A double top is used, with an integrally molded polymer grommet as a safeguard to relieve excessive
gas pressures and maintain a leak-resistant structure. The outer top is of nickel-plated steel, and the
inner top is nickel-plated steel but tin plated on its inner face. This cell also uses two nickel-plated
steel cans with an adaptor tube between the two, the seal being effected by pressing the top-grommet
assembly against the inner can and crimping over the outer can. A vent hole is pierced into the outer
can so that if gas is generated within the cell, it can escape between the inner and outer cans, any
entrained electrolyte being absorbed by the paper adaptor tube.

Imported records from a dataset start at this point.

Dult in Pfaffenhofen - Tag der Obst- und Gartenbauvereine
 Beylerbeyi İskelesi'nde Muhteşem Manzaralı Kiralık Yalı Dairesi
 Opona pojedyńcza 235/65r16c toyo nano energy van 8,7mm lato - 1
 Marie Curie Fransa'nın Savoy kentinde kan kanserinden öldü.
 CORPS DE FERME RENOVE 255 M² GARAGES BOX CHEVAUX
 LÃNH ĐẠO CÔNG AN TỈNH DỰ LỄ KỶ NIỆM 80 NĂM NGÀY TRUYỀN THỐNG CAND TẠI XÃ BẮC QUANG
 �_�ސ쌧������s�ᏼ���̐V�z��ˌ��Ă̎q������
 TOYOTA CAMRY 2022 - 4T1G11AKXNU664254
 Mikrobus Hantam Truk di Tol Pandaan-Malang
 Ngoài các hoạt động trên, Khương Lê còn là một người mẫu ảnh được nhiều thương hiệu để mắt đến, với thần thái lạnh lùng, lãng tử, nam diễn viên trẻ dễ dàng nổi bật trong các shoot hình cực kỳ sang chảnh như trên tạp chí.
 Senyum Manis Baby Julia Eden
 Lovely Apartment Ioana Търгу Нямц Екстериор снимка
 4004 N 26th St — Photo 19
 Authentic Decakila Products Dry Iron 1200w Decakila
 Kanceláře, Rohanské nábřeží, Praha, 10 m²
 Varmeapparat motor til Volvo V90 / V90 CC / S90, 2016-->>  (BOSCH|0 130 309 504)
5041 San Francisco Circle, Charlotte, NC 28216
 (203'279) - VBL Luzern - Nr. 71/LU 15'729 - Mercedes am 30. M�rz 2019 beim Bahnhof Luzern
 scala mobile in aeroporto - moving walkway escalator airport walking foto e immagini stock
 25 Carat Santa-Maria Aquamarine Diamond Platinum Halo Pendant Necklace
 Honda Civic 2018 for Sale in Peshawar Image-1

12.4.3 Cylindrical Configuration
The larger cylindrical zinc/mercuric oxide battery is constructed from annular pressings, as shown
in Fig. 12.4. The anode pellets are rigid and pressed against the cell top by the neoprene insulator
slug. A number of variations of the cylindrical cell were used with dispersed anodes, where contact
with the anode is made either by a nail welded to the inner top or a spring extending from the base
insulator to the top.
12.4.4 Wound-Anode Configuration
Another design of the zinc/mercuric oxide battery that operates better at low temperatures is the
wound-anode or jelly-roll structure shown in Fig. 12.5. Structurally the cell is similar to the flat
cell shown in Fig. 12.3, but the anode and absorbent have been replaced by a wound anode, which
consists of a long strip of corrugated zinc interleaved with a strip of absorbent paper. The paper edge
protrudes at one side and the zinc strip at the other. This provides a large surface area anode. The roll
is held in a plastic sleeve and the zinc is amalgamated in situ. The paper swells in the electrolyte and
forms a tight structure, which is compressed in the cell at the assembly stage with the zinc edge in
contact with the top.
Electrolyte formulations can be adjusted for low-temperature operation, long storage life at
elevated temperature, or a compromise between the two. The performance is optimized by careful
adjustment of the anode geometry.